The film aims more for the comedic side than a lot of the other cop movies, with Anthony Anderson and Tom Arnold providing much of the comic relief. It is in this style that the film seems to try a little too hard on pleasing the audience than getting around what could have been quite an interesting story. Instead, it is quite the standard fare, nothing we haven’t seen from the countless number of police action movies of the past.

Dodgy deals aplenty
Roadshow come through once again with an exemplary transfer, as has become the norm for this distributor. All the dark colours of the seedy gangster world are perfect, as are the bright tones of their cars and the numerous explosions.

Presented in 2.35:1 widescreen and 16:9 enhanced, Exit Wounds is attractive to the eye and certainly adds to the enjoyment due to an almost faultless transfer.

The film has one audio track, being Dolby Digital 5.1. Some of the dialogue gets lost under the rap music and is noticeably softer than the volume of the action sequences (to keep you awake, perhaps?) but overall the speakers get quite a nice little workout, if not being overly remarkable.

Only English subtitles are supplied for this Region 4 disc.

The music in the film goes along way to ensuring the interest is maintained. Obviously DMX is a major player in the soundtrack as are a few other rap artists which my ignorant little ears couldn’t tell the difference between.

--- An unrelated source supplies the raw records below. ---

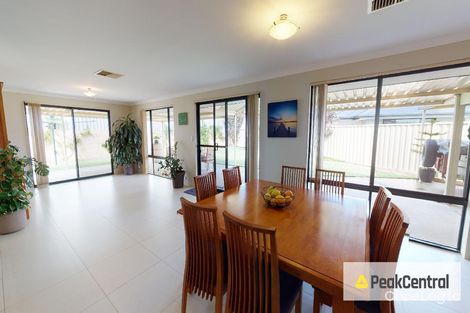 Property photo of 8 Nenagh Close Orelia WA 6167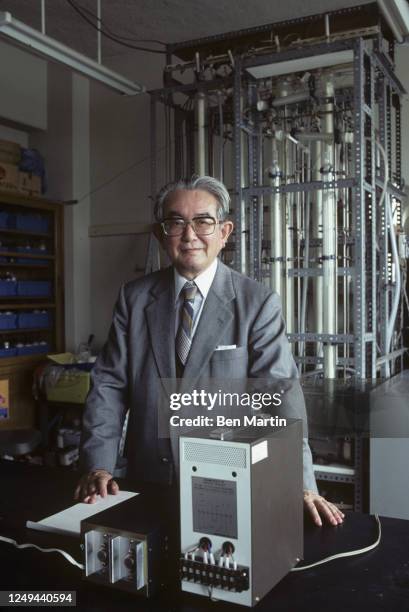 Atomic Scientists Photos and Premium High Res Pictures - Getty Images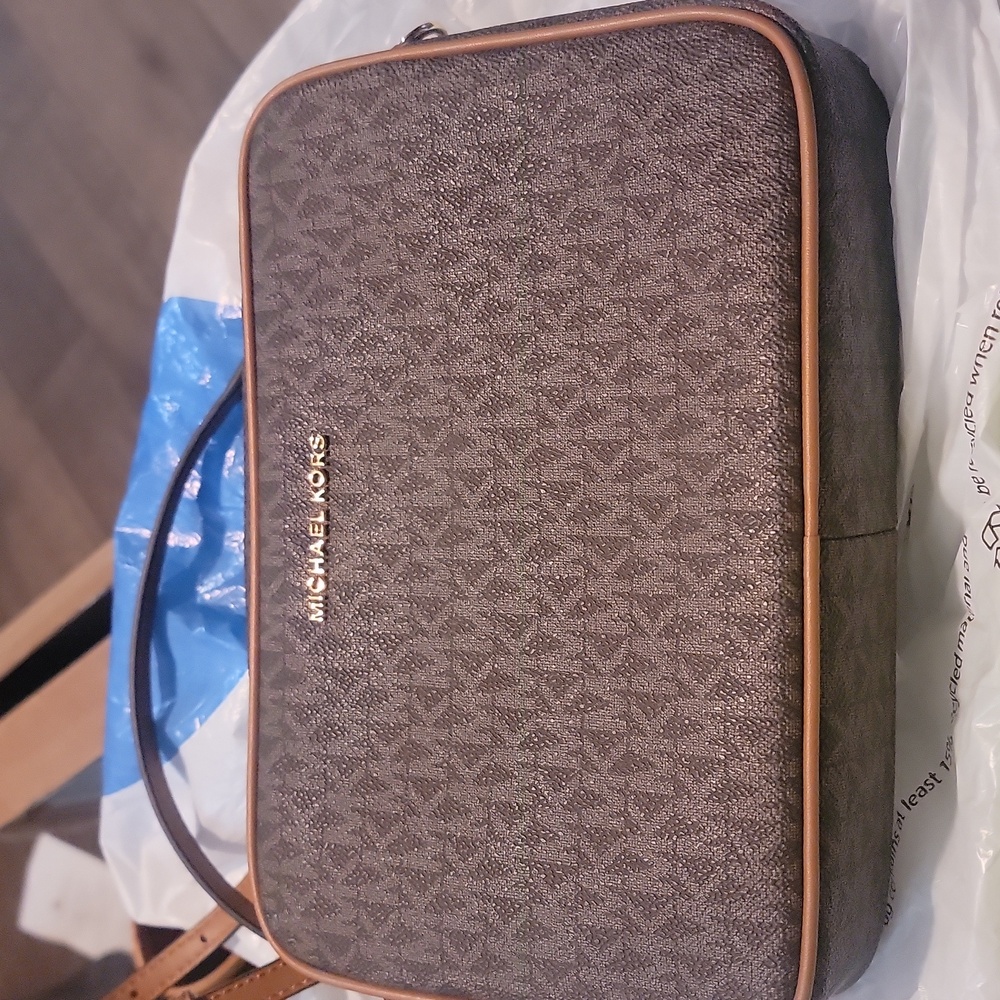 Michael kors purse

Nevertheless, the choices for the music are solid and certainly do no harm when watching Seagal kick some butt.

The new police ab workout
A nice little package of extras, though nothing remarkable is present. We get the standard sort of making of featurette, running at around 18 minutes. Interesting enough to sit through, and fans of the film will enjoy the interviews etc, although most of the plot is blown in this short amount of time. But who watches the extras before the feature anyway?

We also get a few pages on the major cast and Director Andrzej Bartokowiak, with a page on each of them.

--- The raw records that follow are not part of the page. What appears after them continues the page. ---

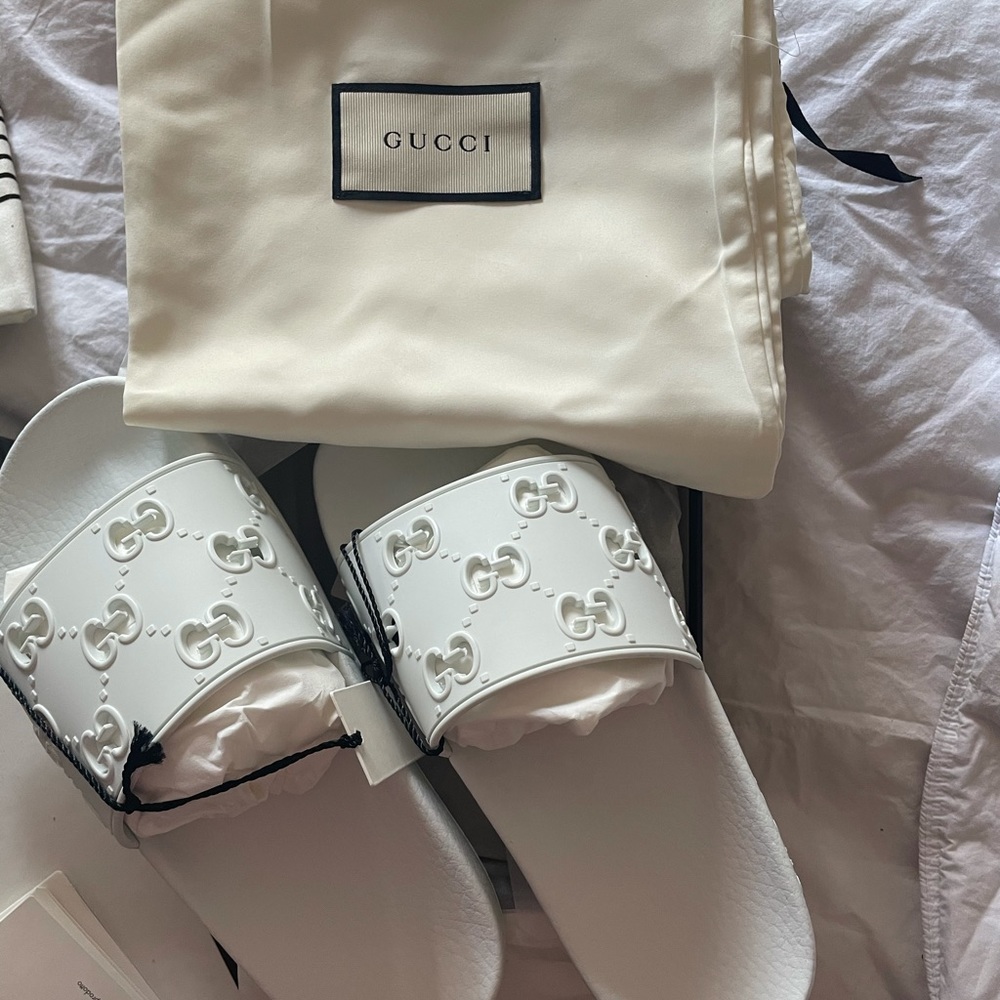 GUCCI SLIDES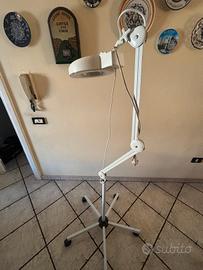 Lampada da estetista con lente.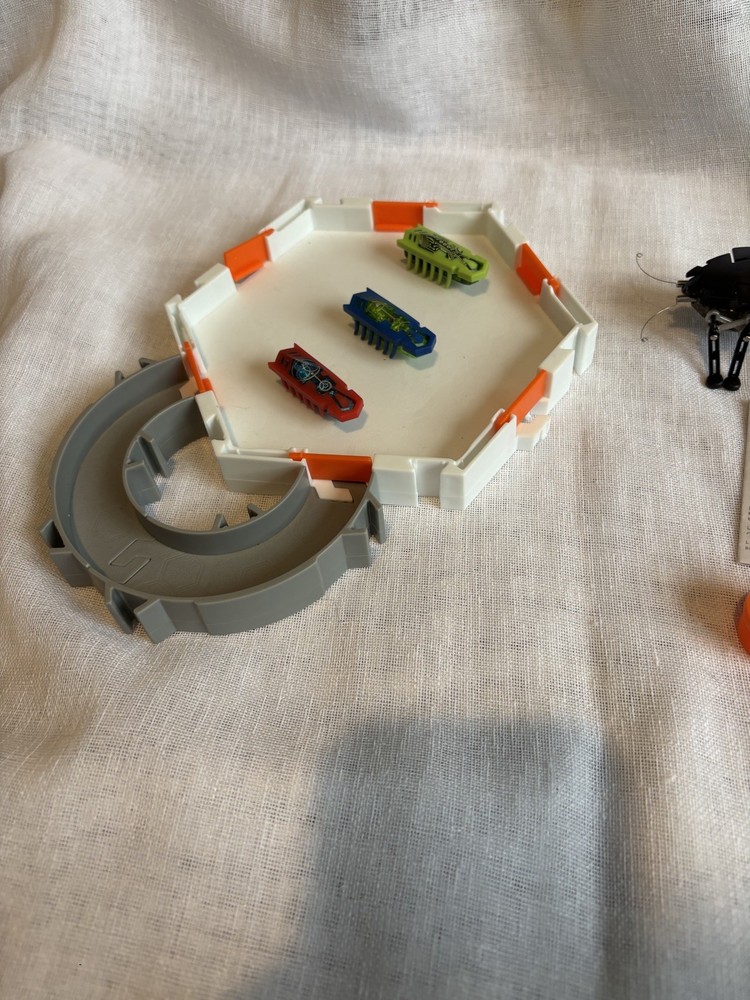 Hex Bug Nanos And Hexagon Arena With Loop and Black Robotic Bug Crawler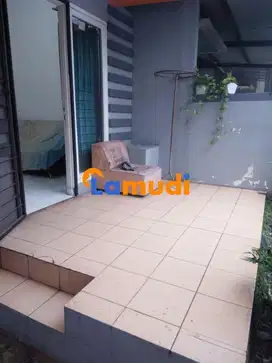Rumah Minimalis Modern Bebas Banjir Lokasi Dekat Tol Serpong-Cinere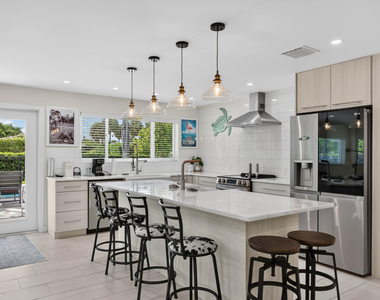 2681 Ne 16th Street - Photo Thumbnail 10
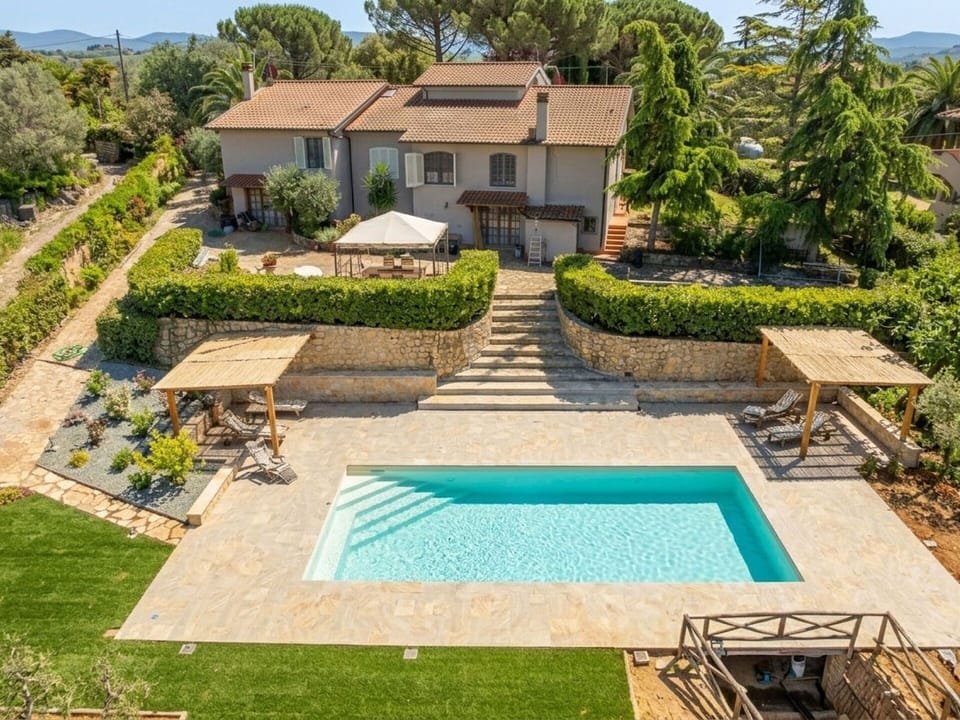 Swimming Pool, Garden, Resort, Backyard, Landscaping, Estate, Leisure, Eco Hotel, Flagstone, Courtyard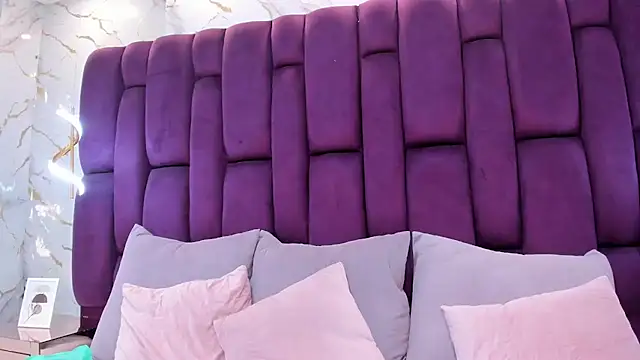 megannherrera online show from May 15, 7:56 pm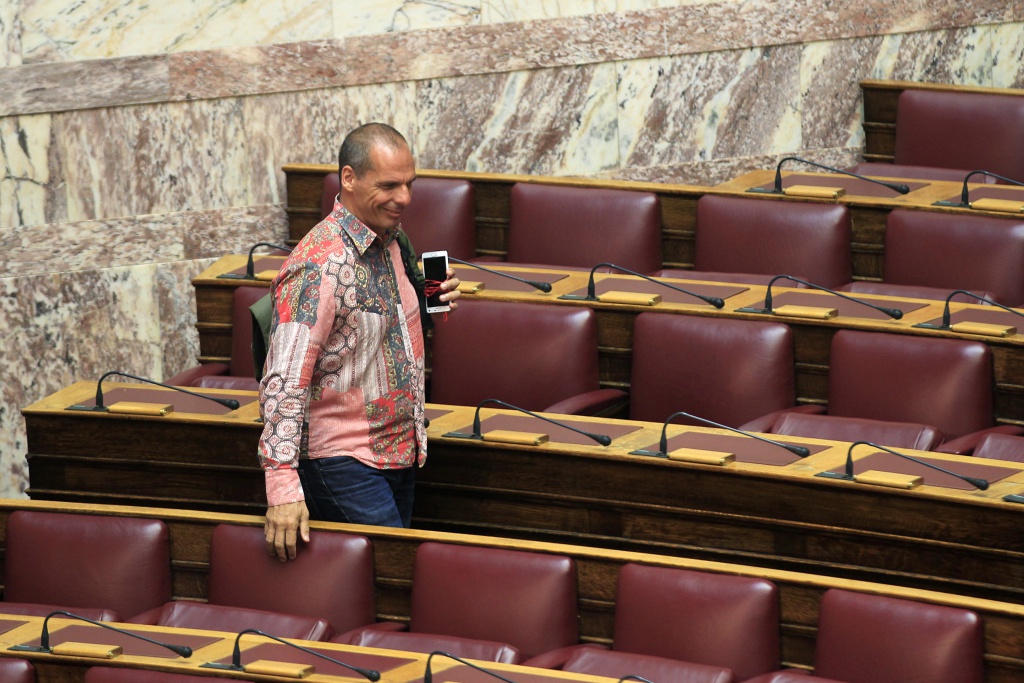 Ο βουλευτής του ΣΥΡΙΖΑ Γιάνης Βαρουφάκης προσέρχεται στη Βουλή προκειμένου να συμμετάσχει στην Ώρα του Πρωθυπουργού, Αθήνα, Παρασκευή 31 Ιουλίου 2015. Ο πρωθυπουργός Αλέξης Τσίπρας απαντά στην επίκαιρη ερώτηση που κατέθεσε η πρόεδρος του ΠΑΣΟΚ, Φώφη Γεννηματά, η οποία ζήτησε από τον πρωθυπουργό να τοποθετηθεί σχετικώς με τις πρόσφατες δηλώσεις του πρώην υπουργού Οικονομικών, Γιάνη Βαρουφάκη, σύμφωνα με τις οποίες επεξεργαζόταν το plan B της κυβέρνησης. ΑΠΕ-ΜΠΕ/ΑΠΕ-ΜΠΕ/ΟΡΕΣΤΗΣ ΠΑΝΑΓΙΩΤΟΥ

Anthony Anderson gets his own extra feature on the disc, which is basically a camera following him around for a day on the set. He tries his best to entertain and probably succeeds, with a few gags raising more than the occasional smile. Probably not worth repeat viewings, but a welcome addition to the disc nonetheless.

The is also a DMX music video of “Aint No Sunshine” which fans of the rapper will enjoy. The clip looks quite good, testament to the solid work on the transfer.

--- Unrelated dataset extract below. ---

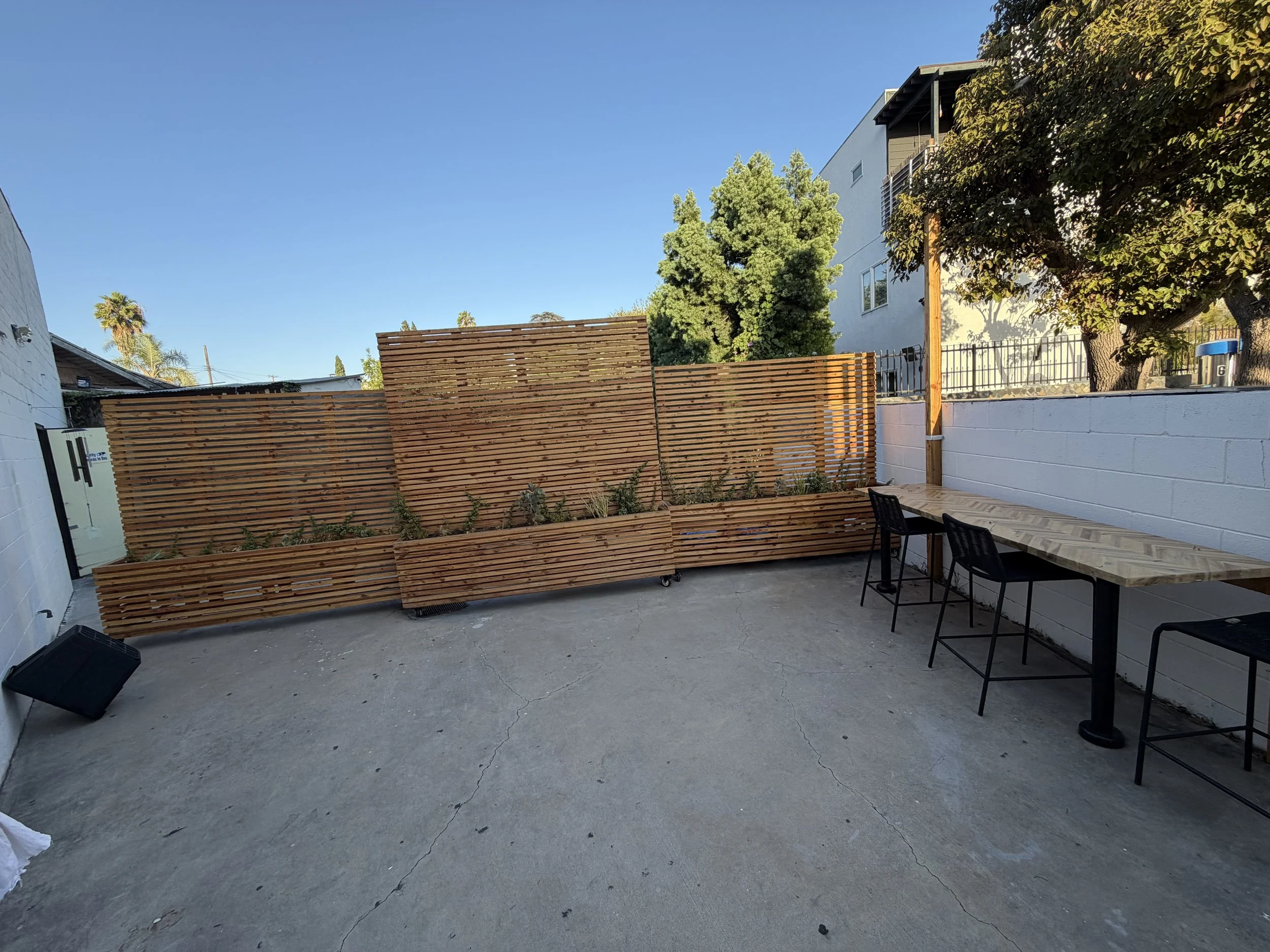 Outdoor customer patio at Laundry Room LA where you can wait while laundry runs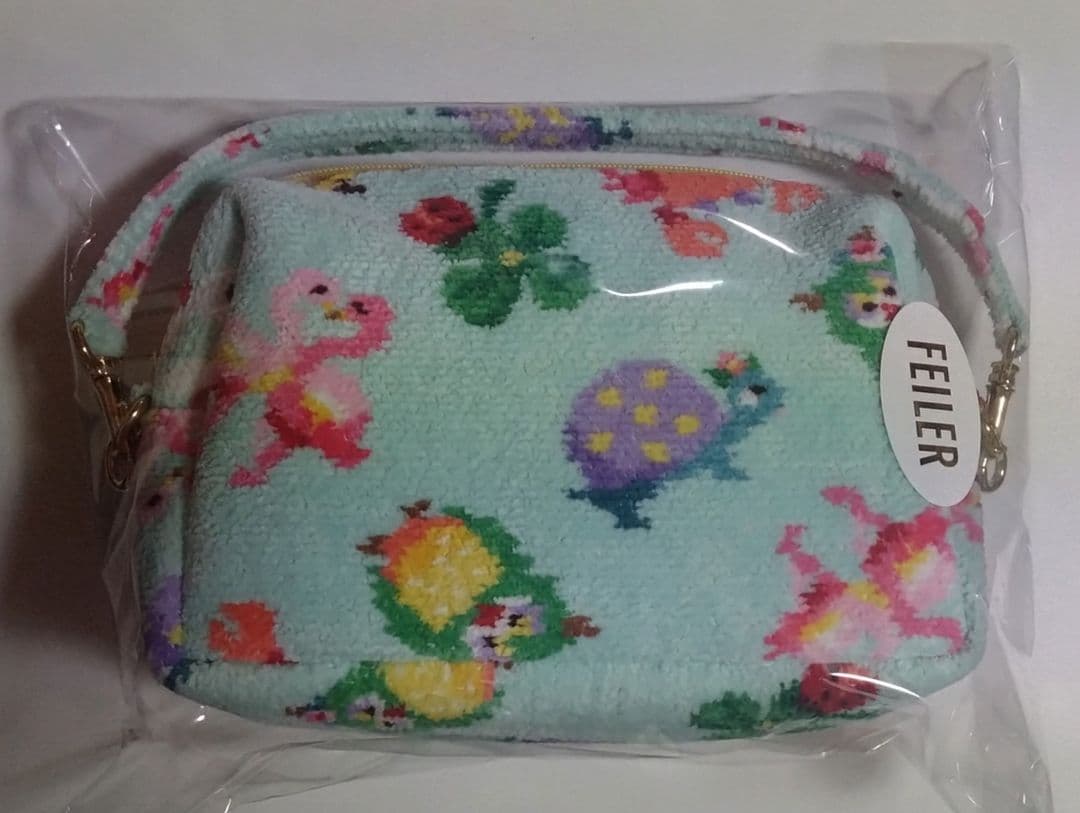 神崎恵さん✕フェイラー　手付きポーチ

Finally the theatrical trailer is included. Why these are called extra features I don’t know, but good to see the standard is being kept. Not a very good trailer but its included so I won’t complain.

The Anderson and Arnold show
Mindless cop movies is what Seagal does best. Admittedly, it doesn’t seem that anything major was trying to be achieved when making this film, just the usual sort of action flick with a few interesting plot twists to maintain some interest. The transfer is superb and the audio pulls through admirably despite drowning out some voices. The extras could have been improved, but there has been a reasonable effort to create some value for money here. If you’re after an easy film to watch, this one’s it. Fans of Seagal and DMX will probably enjoy it more than most, but it’s certainly not the worst flick going around, and is improved by a solid DVD package.